Problem statement |
When you reach the line with "RiteAV - (SVGA" in the data below, begin printing lines exactly, and stop once the line with "Kieslect KR Ultra" has been printed.

Entries supplied |
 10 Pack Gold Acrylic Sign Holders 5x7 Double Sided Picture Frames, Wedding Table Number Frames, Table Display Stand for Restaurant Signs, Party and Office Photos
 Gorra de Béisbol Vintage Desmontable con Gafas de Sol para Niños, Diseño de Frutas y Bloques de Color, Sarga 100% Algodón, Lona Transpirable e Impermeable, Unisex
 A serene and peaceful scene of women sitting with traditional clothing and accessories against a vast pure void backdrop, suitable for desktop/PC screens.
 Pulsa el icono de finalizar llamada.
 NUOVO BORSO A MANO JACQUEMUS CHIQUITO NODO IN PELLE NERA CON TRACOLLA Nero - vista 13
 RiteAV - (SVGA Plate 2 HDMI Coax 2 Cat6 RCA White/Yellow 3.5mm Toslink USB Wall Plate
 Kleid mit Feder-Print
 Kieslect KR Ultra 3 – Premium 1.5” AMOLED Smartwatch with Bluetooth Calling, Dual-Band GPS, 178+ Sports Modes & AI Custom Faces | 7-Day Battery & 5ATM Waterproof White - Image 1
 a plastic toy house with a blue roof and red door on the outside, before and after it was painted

Written reply |
 RiteAV - (SVGA Plate 2 HDMI Coax 2 Cat6 RCA White/Yellow 3.5mm Toslink USB Wall Plate
 Kleid mit Feder-Print
 Kieslect KR Ultra 3 – Premium 1.5” AMOLED Smartwatch with Bluetooth Calling, Dual-Band GPS, 178+ Sports Modes & AI Custom Faces | 7-Day Battery & 5ATM Waterproof White - Image 1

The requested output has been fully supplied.